Jan 27, 2015 No Comments by

Family Walking Holding HandsWhen filing a bankruptcy, one question you will hear quite often is “what is the tax value of your property?” When looking at property in a bankruptcy, whether the property is a residence, house, land or condo, the Courts tend to use the “tax value” when determining the value of the property unless there is a more accurate value determined by another means. 

In some cases, one may feel that the tax value of their property is not accurate or up to date. Someone may feel that the tax value is listed as too high, or maybe even too low. If you feel that the tax value of your property is not in line with your expectations, listed below are a few steps that can help guide you to changing the tax value of your property:

1.    Contact the county tax department to which your property is located (Ex: Mecklenburg County, Guilford County Tax Department, Davidson County Tax Department, etc.).

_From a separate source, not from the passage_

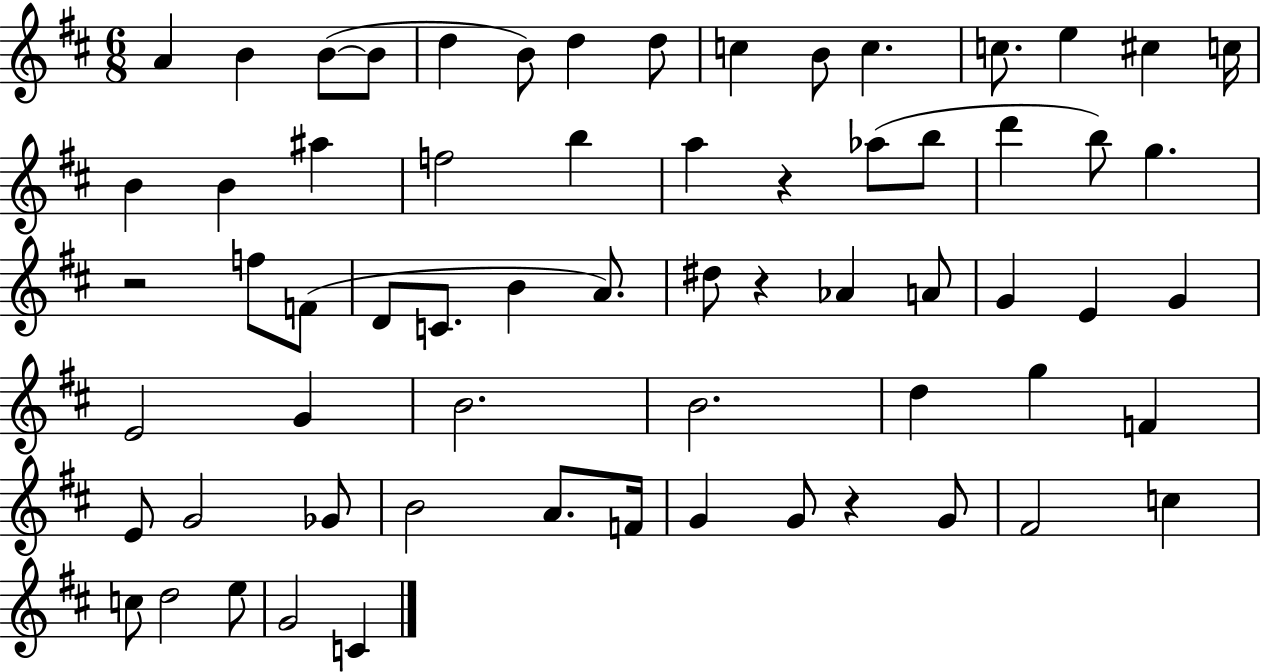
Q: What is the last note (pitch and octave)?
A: C4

2.    Request a re-evaluation form from the County tax assessor within the defined county. After filling out the re-evaluation form, submit the form to the county tax department where your property is assigned.

3.    Once you have submitted the evaluation form and it has been reviewed, a tax assessor will likely come out to your property and reassess your property.

4.    If the tax assessor agrees that the tax value of your property should be changed, the Tax Department assigned to your property, once re-assessed, will send out a new tax value to your property via mail, based on the criteria they use when reassessing the property.

The value of your home is important because it will determine the best way to exempt or protect your property within a bankruptcy.